→ **Exercise directions**
Please repeat the entire listing verbatim and keep the pictures out.
|---|
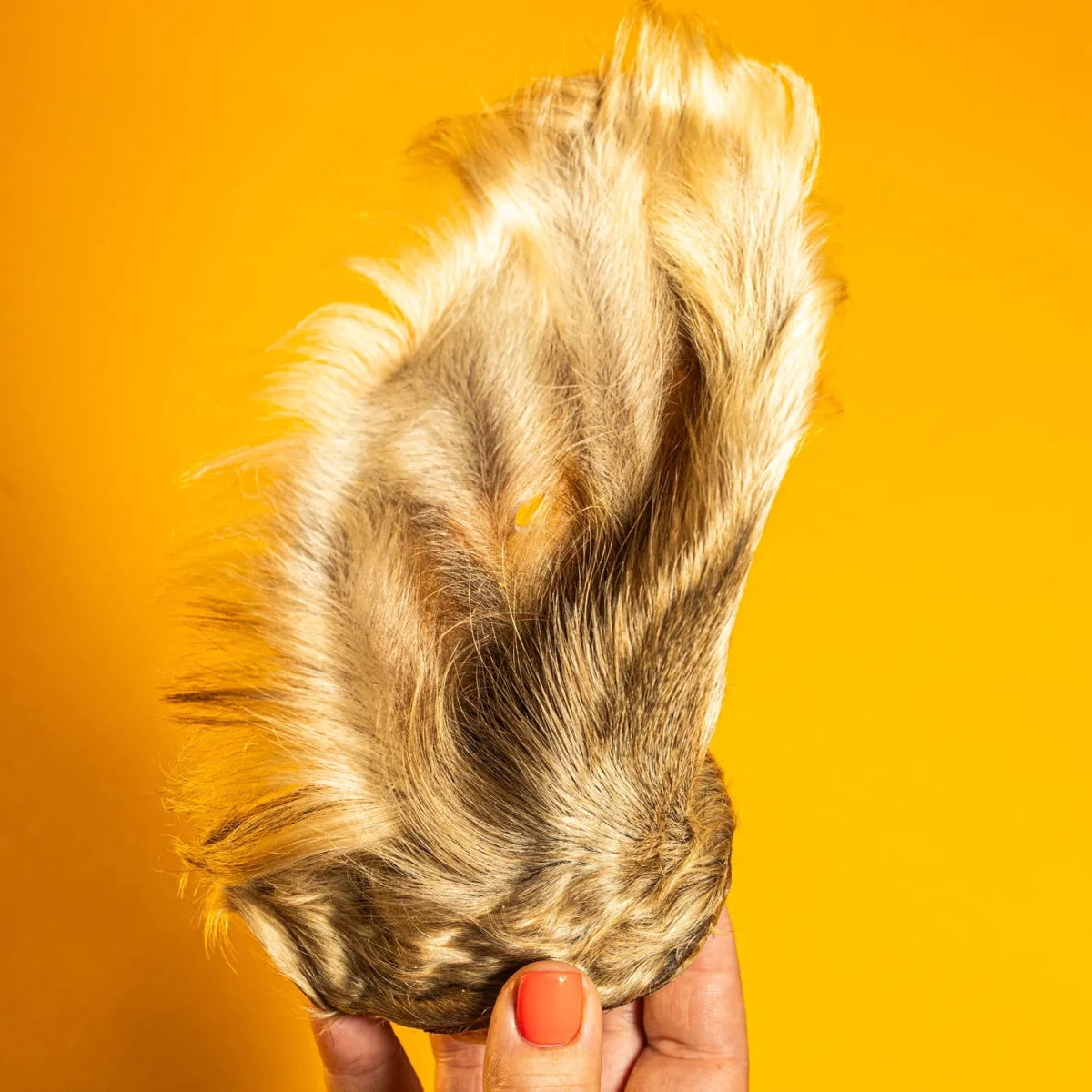 Beef Cow Hairy Ear Chew for Dogs - Dehydrated - Golden Nibbles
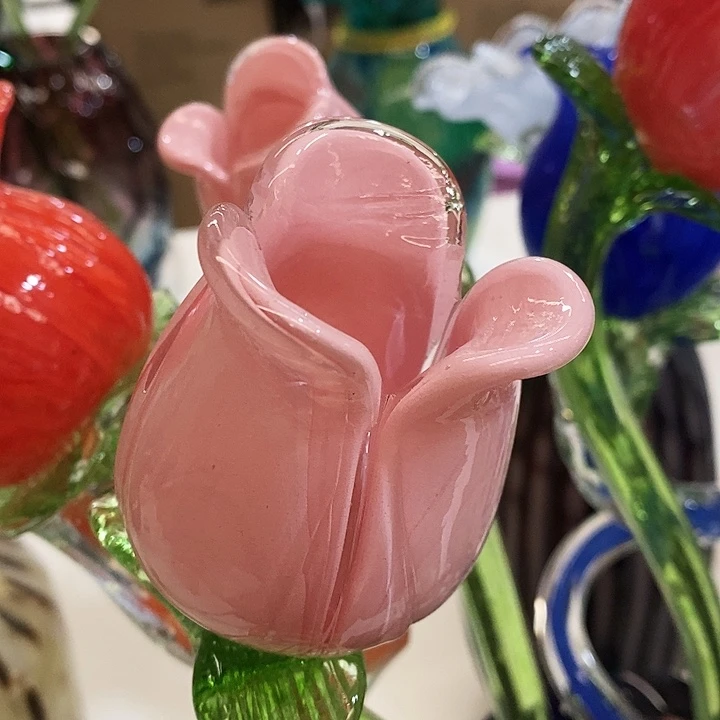 玫瑰花高45厘米左右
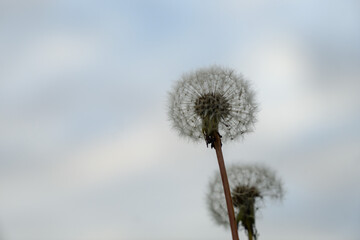  Dandelion puff with sky backlight macro close-up.
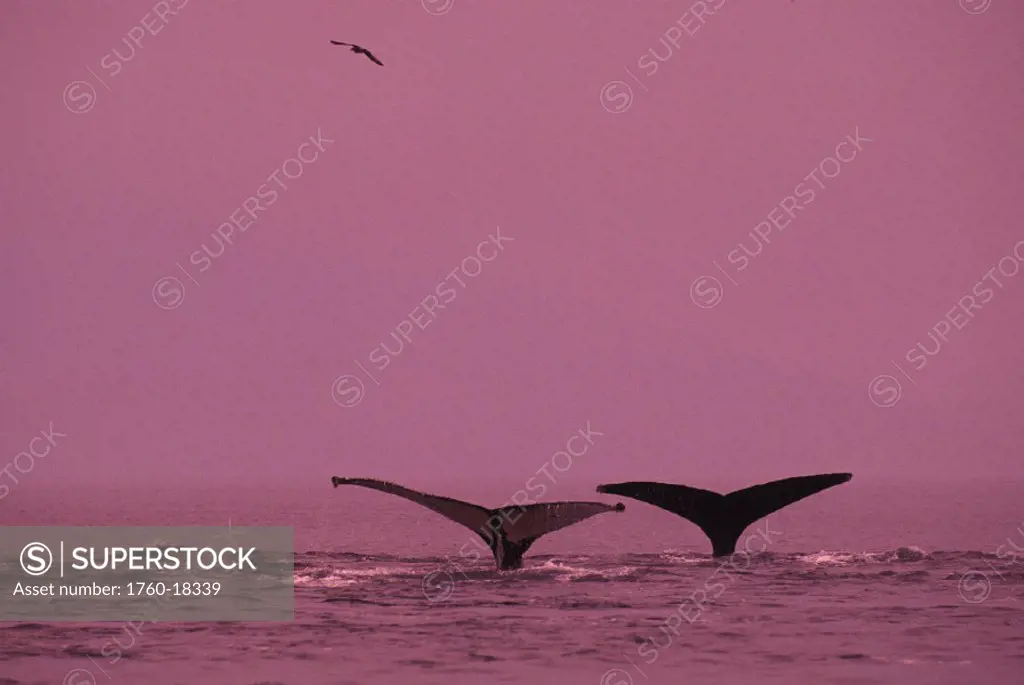 Alaska, Frederick Sound, Humpback Whale (Megaptera novaeangliae) double fluke,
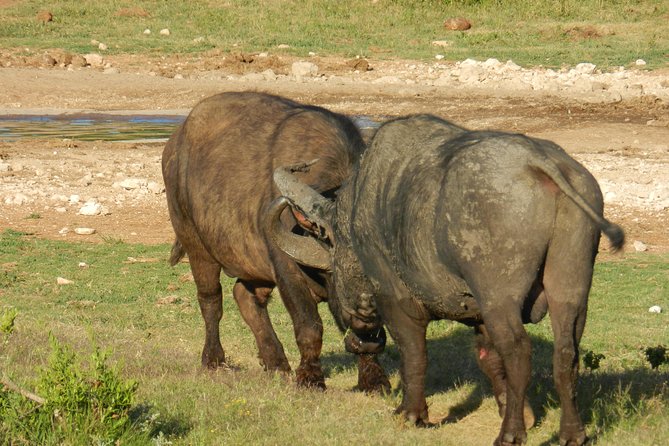 Addo Elephant 5 Hour Morning Safari. - Addo Elephant National Park Highlights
|---|
→ **Response area**
 Beef Cow Hairy Ear Chew for Dogs - Dehydrated - Golden Nibbles
 玫瑰花高45厘米左右
  Dandelion puff with sky backlight macro close-up.
 Alaska, Frederick Sound, Humpback Whale (Megaptera novaeangliae) double fluke,
 Addo Elephant 5 Hour Morning Safari. - Addo Elephant National Park Highlights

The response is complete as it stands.